Aspects de l’architecture moderne

Extraits d'un exposé fait à l'Université de Lausanne le 4 février 1959 sous les auspices de la Société Académique vaudoise

II ne s’agit plus aujourd’hui de l’habituelle querelle des anciens et des modernes. Ces derniers ont tout naturellement gagné la partie.

La vie est toujours plus forte que les Académies.

C’est dans l’ordre des choses.

On ne se bat plus aujourd’hui pour ou contre les styles.
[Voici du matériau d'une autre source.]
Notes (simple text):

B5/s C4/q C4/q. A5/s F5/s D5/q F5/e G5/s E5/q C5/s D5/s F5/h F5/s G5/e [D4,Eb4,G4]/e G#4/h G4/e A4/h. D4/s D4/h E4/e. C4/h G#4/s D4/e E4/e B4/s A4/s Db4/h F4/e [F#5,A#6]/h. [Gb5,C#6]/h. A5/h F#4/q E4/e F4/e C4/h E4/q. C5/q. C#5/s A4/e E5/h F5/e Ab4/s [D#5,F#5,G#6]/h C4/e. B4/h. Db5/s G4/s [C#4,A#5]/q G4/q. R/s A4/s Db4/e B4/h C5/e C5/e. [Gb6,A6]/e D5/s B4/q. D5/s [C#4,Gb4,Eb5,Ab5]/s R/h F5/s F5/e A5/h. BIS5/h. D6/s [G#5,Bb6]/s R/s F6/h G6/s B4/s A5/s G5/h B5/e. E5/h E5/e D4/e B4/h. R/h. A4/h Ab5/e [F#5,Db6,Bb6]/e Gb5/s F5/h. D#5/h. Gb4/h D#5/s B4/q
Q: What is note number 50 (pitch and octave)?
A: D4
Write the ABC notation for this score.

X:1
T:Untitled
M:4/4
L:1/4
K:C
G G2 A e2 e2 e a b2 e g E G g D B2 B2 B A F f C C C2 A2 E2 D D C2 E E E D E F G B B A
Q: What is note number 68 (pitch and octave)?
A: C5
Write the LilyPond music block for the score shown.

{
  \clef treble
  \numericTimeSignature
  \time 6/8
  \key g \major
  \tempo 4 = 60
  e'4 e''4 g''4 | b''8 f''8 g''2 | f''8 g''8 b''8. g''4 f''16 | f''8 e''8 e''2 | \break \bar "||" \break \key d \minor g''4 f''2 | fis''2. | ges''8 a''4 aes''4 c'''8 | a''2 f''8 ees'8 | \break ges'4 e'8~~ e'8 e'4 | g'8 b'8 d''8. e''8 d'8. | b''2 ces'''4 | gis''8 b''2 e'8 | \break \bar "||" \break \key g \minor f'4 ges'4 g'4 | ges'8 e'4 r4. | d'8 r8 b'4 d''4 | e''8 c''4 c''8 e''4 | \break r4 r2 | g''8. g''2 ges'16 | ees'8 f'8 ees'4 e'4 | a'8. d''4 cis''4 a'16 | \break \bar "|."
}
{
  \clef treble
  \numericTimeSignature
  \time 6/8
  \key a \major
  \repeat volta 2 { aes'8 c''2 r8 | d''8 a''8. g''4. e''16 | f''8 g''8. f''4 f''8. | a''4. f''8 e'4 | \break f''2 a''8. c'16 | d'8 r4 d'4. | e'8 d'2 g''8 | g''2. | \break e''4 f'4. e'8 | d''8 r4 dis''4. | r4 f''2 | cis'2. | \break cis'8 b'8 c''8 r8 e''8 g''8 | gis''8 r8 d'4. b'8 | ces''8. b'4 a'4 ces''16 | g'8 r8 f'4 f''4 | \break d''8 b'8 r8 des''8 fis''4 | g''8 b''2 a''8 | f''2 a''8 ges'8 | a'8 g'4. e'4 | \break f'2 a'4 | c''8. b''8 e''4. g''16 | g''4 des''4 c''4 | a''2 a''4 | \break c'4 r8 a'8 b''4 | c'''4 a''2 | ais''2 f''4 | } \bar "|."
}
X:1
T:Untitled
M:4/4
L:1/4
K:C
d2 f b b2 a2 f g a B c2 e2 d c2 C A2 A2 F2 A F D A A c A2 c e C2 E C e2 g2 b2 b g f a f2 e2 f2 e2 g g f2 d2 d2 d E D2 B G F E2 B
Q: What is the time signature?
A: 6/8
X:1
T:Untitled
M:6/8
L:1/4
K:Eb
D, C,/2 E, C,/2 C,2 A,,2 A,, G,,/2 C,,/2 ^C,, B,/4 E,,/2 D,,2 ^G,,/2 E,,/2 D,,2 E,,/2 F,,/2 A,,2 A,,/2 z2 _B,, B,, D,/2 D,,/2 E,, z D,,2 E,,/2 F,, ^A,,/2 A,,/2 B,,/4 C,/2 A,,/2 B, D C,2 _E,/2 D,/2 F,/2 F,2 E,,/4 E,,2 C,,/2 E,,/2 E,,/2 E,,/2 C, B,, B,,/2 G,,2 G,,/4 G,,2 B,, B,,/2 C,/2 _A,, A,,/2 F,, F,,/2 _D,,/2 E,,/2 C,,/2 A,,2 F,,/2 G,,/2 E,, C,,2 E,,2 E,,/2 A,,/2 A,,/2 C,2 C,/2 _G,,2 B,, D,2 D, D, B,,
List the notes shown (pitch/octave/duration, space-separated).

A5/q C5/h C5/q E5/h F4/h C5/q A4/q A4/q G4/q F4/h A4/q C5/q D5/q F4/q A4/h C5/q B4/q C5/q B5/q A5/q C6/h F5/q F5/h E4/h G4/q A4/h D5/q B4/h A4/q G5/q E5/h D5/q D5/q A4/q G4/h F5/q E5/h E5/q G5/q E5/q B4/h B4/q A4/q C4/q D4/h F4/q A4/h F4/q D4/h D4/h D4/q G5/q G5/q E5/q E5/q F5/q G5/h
Ce combat a épuisé ses derniers Don Quichotte.

Il y a 40 ans déjà que tout l’essentiel a été dit dans cet ordre de choses.

C’était alors l’épopée glorieuse des promoteurs de l’architecture moderne.

En 1920, ils étaient jeunes: — Wright en Amérique avait 50 ans.

— Mies à Berlin en avait 34.

— et Le Corbusier à Paris en avait 33.

Nous retrouverons tout à l’heure ce trio hors pair.

Rappelons-nous que leurs aînés, les précurseurs de l’architecture moderne avaient déjà sérieusement dégrossi les problèmes: Citons à titre d’exemple: — Sullivan et l’école de Chicago pour l’Amérique, — le Belge Van de Velde (émergeant et dépassant les tenants du Jugendstyl) et Behrens en Allemagne, — Tony Garnier, le créateur de la cité industrielle, Perret et Lecœur, en France.

Tous ces noms évoquent pour nous un monde nouveau!

Cherchons à mieux comprendre son contenu, cherchons à deviner ce qu’il y a derrière la façade, à saisir le complexe d’idées que contiennent en fait les carcasses des bâtiments, Jugeant mieux de leur visage, de leur physionomie, nous devinerons plus aisément leur caractère, leur esprit, pour peu qu’ils en aient!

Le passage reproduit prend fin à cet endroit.